We honor people like Martin Luther King Jr., Gandhi, Francis of Assisi, and Martin Luther himself, for changing the world. And if it hadn't been for them, these changes would not have happened or at least not in the way it did. But if a community hadn't formed around them, those changes also wouldn't have happened. There are other people, whom you probably haven't heard much about, like Floridian civil rights crusader Harry T. Moore, or Gopal Krishna Gokhale who worked for self-rule in India, or Arnold of Brecia, a 12th century monk who preached apostolic poverty before St. Francis and is considered a precursor to the Protestant Reformation. They also had potentially world-changing ideas but they didn't achieve as much success. These people become footnotes to history. Maybe the time wasn't right or they weren't able to convince enough people. A person changes the world by changing other people. Attracting a certain critical mass of supporters has a multiplier effect.

And the same is true of Jesus. Had people not flocked to him he would be as obscure as Simon of Peraea, a slave of Herod the Great, or Athronges, a shepherd, both of them messiah-wannabes. And in fact, like those others, Jesus was killed by the authorities. His place in the world's memory would have faded as well had it not been for his followers. Instead of either going back to their old lives or switching allegience to the next would-be messiah, they stayed together and attracted more and more followers. This is directly tied to the fact that they had seen and proclaimed a risen Christ, a fact that destroyed their fear of death. Historians are at a loss to explain the survival of the Jesus movement beyond his death without the resurrection.

And just as Jesus foresaw his own death and resurrection, he foresaw the church, the continuation of his mission to establish and extend God's royal reign. Everything that is true of the Kingdom of God should be true of the church because it is to be the community of those who are redeemed by Jesus. It is the body of Christ. In it we should see people following Jesus and becoming more Christlike.

This might seem like a digression but stick with me. When Walt Disney conceived of EPCOT, it was not supposed to be what it has become. EPCOT stands for Experimental Prototype Community of Tomorrow. It was to be an actual city of about 20,000 residents with businesses in the center and concentric rings of community buildings, recreational complexes, schools and residential areas radiating out. As Walt put it, “It will be a community of tomorrow that will never be completed but will always be introducing and testing and demonstrating new materials and new systems.
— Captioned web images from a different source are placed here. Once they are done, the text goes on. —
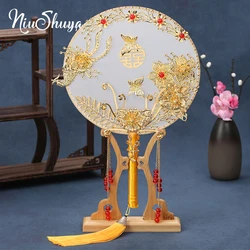 NiuShuya New Bridal Fan Chinese Vintage Handmade Silk Round Fan Holding Flower Ancient Gold Fan  Wedding Accessories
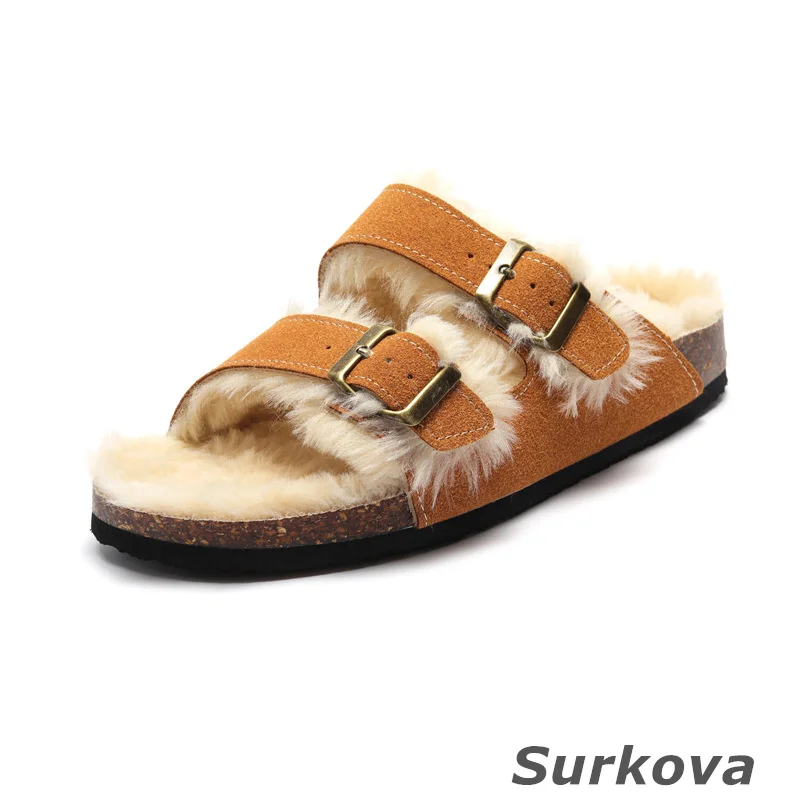 Women's Fashion Slippers Plush Cork Leisure Slippers Warm Short Plush Flat Bottom Word Half Slippers Comfortable Round Toe Solid
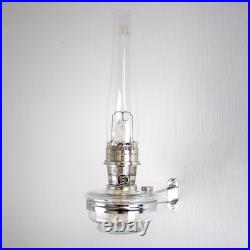 Aladdin Wall Mount Oil Lamp, Genie III Regency Fuel Lighting, Clear Glass, Nickel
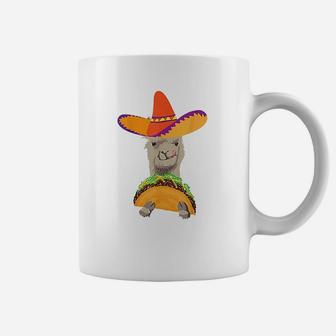 Llama Eating Taco Cool Mexican Alpaca Funny Gift Coffee Mug - Seseable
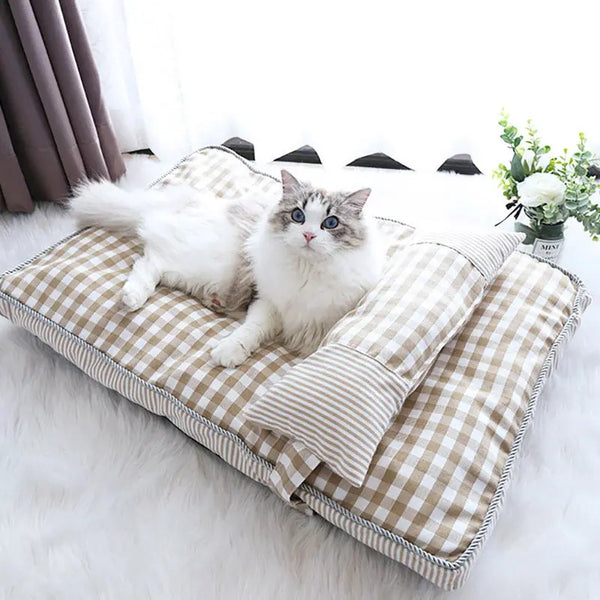 Tapis de lit à carreaux pour gros chat Pour toi Mon chat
And EPCOT will always be a showcase to the world of the ingenuity and imagination of American free enterprise.” But instead of a model community of the future, we got an amusement park.

And something similar seems to be happening to the church. It's not exactly what Jesus wants it to be. Instead of a community, it is often just a place to meet. Peter Berger accused the church of often meeting just to make noise! That's harsh. There is content to our meetings: we pray, we study the Bible, we praise God in spoken word, song and music, and we share the Eucharist. We also meet to engage in activities for the good of the church and sometimes for the good of the outside world. But the real question is do we actually come together as a community?

According to Wikipedia, a community is a social unit of people who have something in common or who share common values. It also defines a community as “a group of people whose identity as a group lies in their interaction and sharing.” By those definitions we are a certain kind of community. What we have in common is a belief in Jesus as God's son, our Lord and Savior, and we share the values he embodied and espoused. In that sense we function as a community that shares a common interest or passion. But just as Walt Disney wanted EPCOT to be more than a new and improved Tomorrowland, Jesus wants us to be more than just his fan club. He wants us to be a community of action, one that works to spread not only knowledge of him but to put his teachings into action. In the Great Commission he told us to make disciples in all nations, to baptize them and to teach them to observe all that he has commanded us. (Matt 28:19, 20; emphasis mine) In other words, don't just tell but show.

What are the rules by which this community should live? Jesus supports the moral commands of the Old Testament, especially the 10 Commandments, but he expands and deepens their scope, as we see in the Sermon on the Mount. Thus it is not enough to refrain from murder; you must also refrain from rage and insults. It is not enough to refrain from adultery; you must also refrain from indulging in lustful contemplation of someone who is not your spouse. It is not enough to keep your oaths; you should not make oaths at all but simply do what you say you will.

Jesus tells us to do the reverse of our natural responses. Rather than taking revenge, we should absorb injustices against us. Rather than hate our enemies, we should love them. And when we do good, like giving to the needy, praying, or fasting, we should not make them public spectacles but keep them between ourselves and God. We are not to worry nor to pass judgment on others; we are to trust God to take care of our needs and leave all final judgment to him. We are to concentrate on working on our own flaws.

Jesus also holds to an ethical hierarchy which puts the commands to love God with all we are and have and to love our neighbor as we do ourselves above all other moral demands. Not only do these 2 commandments supercede all others, all ethical rules should derive from them.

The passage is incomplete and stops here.